Another thing you mentioned in your talk really stood out for me because I also found it to be such a helpful way to approach things. It was to recognize that everyone is doing their best in this moment. Can you talk about that?
When you and your child are at odds, it can be tempting to try to maneuver things to get to the outcome we think is best. Even if we don’t come right out and say it, kids can often sense our agenda, can’t they? Yet that can get in the way of their learning and undermine the trust in your relationship. So how else can we approach those moments?
One of the most empowering ideas on my unschooling journey has been the realization that everything is a choice. Really, everything. Was that a big one for you as well?
An important part of deschooling is developing trust: in the process of unschooling, in our children, in ourselves. Why is that so valuable?

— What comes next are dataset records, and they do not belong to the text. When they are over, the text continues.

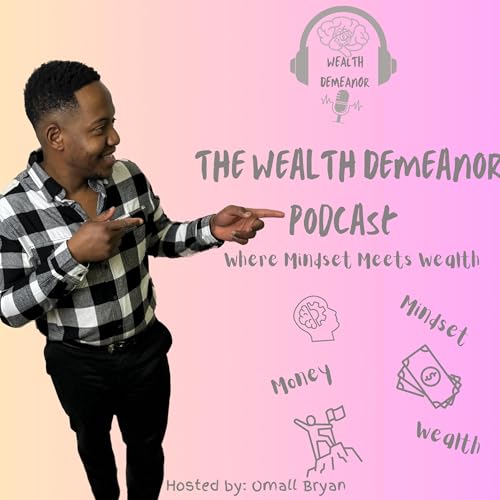 『Wealth Demeanor』のカバーアート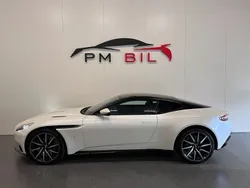 Vit (vit pearl metallic) Begagnad 2018 Aston Martin DB11 Sportkupé | 1 299 900 kr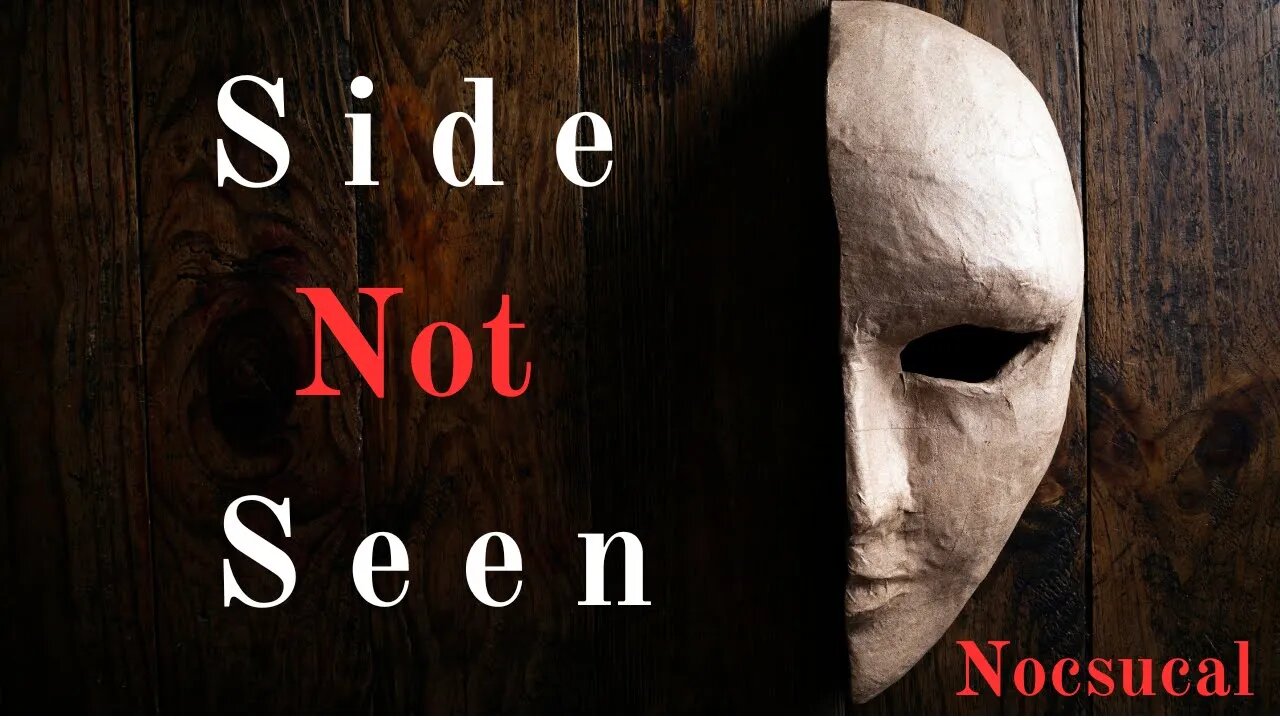 Side Not Seen #hardbeat #beats #darkbeat #trapbeat #drill #cinematicmusic #atlanta #moodmusic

Sometimes we are reminded that we’re doing something very unconventional and find ourselves feeling anxious and unsure. What helps you move through those moments?
We all have hot buttons, things we react to almost unconsciously before we even realize what’s happening. Yet on our unschooling journey, as we gain more self-awareness, it’s pretty common to begin to see those automatic reactions as over-reactions to the actual situation at hand. And we don’t want to do that to our family. How can we change things up?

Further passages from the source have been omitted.